I see tea as an experience for the senses, I like to imagine tasting the land and the weather as well as the effect of sun, air, fire and the human hand. I have a soft spot for shu pu’er, yabao, scented oolongs, wuyi oolongs, taiwanese tea as well as smooth naturally sweet blacks, creamy greens and surprisingly complex whites.

I began ordering lots of samples from Upton to educate myself on different varieties of tea we didn’t have at work and have fallen head over heels for the unique offerings from Verdant Tea. I am learning things I like: buttery mouthfeel, surprising sweet or spice notes, woodiness, mineral notes, depth and complexity and things I don’t: astringency, dry and sour notes.

I collect tea tins and am in danger of collecting pots, though I am trying to restrain the urge due to current lack of space.
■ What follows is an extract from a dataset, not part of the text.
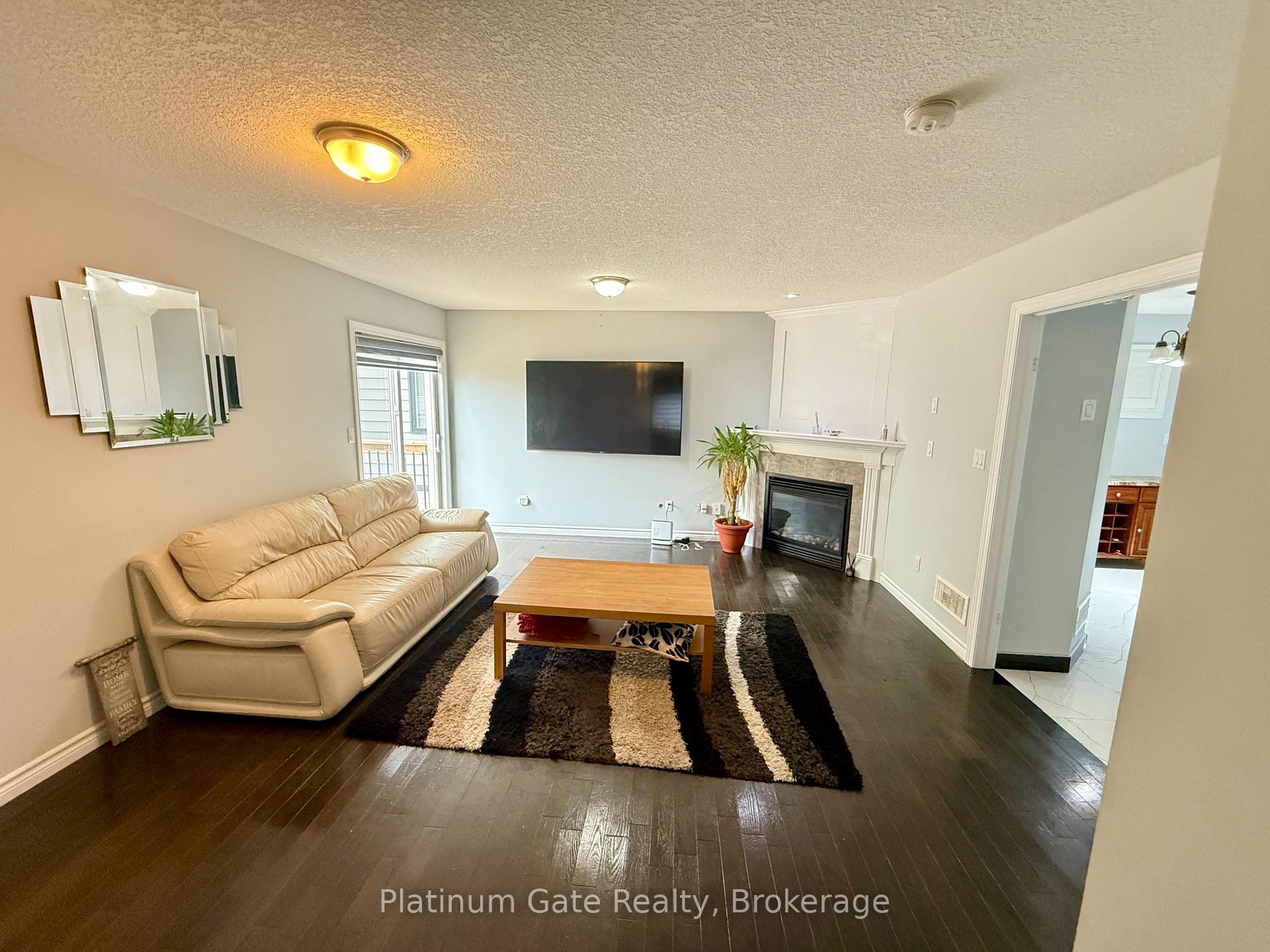 Photo 4 of Unit UPPER, 1851 Frederick Crescent, London, East Q — HOMEH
I brew mostly in a glass infuser mug or a tea maker, only using cast-iron for company now (still need to get a gaiwan) and tend not to sweeten my teas unless they are British or fruity and iced, which is not often.

As far as ratings, I lack a definite system and haven’t been assigning numbers lately, wanting to spend multiple sessions with a tea first. I usually only log a tea once, unless it is a new harvest or I have significantly different observations, but will go back and edit or comment if I find something interesting or new.